A crucial portion of what makes the Left so silly is that they do not understand the true nature of competition. In fact, they hate it. But you can not have innovation or self-actualization without it.

I work for a tech company and recently we were bought out by an American firm. They looked at the books and figured out the company was going down so they started making changes.

As usual head office HR consultants, MBA beaurocrats and other liberal lefty academic types who've been messing up this company since the beginning put water in the wine. The result is an even more messed up company than before. It's funny the new CEO's ideas are solid. People in the trenches were very excited about what he was saying. As soon as HQ fouled up the plans it's been a rush to the exits. Turnover is probably going to be 40% this year and I'll be one of the ones leaving.

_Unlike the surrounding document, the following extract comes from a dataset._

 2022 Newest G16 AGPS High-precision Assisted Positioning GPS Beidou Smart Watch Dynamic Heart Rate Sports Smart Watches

That's what happens in Canadian business all the time. Meek minded socialists get promoted and cook up crazy schemes that reward the lazy and useless people at the expense of the hard working people with talent.

Blackberry guy, i did a 24 hour thrash trying toget the Playbook to work. So I discovered all the stuff with Silverlight et al. Bottom line, Playbook zero function after 24 hour troubleshooting fest. Lots of promises, no -movie-.

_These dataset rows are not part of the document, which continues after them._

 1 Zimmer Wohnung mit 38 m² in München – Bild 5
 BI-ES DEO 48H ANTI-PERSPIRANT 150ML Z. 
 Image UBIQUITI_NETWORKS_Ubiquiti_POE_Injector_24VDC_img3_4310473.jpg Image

Ipad? Works instantly right out of the box. Does everything it is supposed to do, right away.

Is it perfect? No. I'm typing on it right now, its got plenty of stupis little things about it, like it can't scroll this text box. I also resent Apple making this thing with no SD slot or USB for memory expansion, that was a pure rip-off. Which RIM also perpetrated, by the way.

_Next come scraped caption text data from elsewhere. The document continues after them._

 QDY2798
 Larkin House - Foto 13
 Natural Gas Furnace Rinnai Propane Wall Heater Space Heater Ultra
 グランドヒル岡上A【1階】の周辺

I have no doubt at all that Apple is going to crash again in the next few years, nothing lasts forever in techworld. What will crash it is the same thing that's crashing RIM. Centralized decision making and bull headed stupidity.

Jim and Dr.D had it right above. Hierarchical structure doesn't work in tech companies. Once the MBAs take power, its over.

The problem I've seen with "neural network" or "matrix management", or "cross-functional teams" or whatever gibberish is being used to describe it, is that it ensures that no one is ever responsible for a decision. There are profound consequences when decisions have no consequences for those making the decisions. Worse still is the interminable bikeshedding when no one person has the authority to say "debate's over, this is what we're doing".

The problem with evolutionary models is that they produce sufficers, not optimizers. You'll get something that's good _enough_, but the guy who designs his org structure for the type of work he's doing will beat you to market every time.

Anyone posting here wrt what drives tech innovation might find the book or YouTube series Accidental Empires interesting. The author inadvertently makes an argument for the profit motive as a producer of innovation and economic growth as he documents the growth of the PC industry starting from the user-built and -programmed Altair 8800. You get the strong impression that the prospect of earning huge fortunes before reaching age 40, along with the ambition to be top dog in the industry ( like Gates achieved in software, and Jobs did in hardware ) were key ingredients.

Has anyone looked at the Balsillie School curriculum?
We don't need more people with expertise in Global Governance or Public Policy. These people have already screwed up the world enough.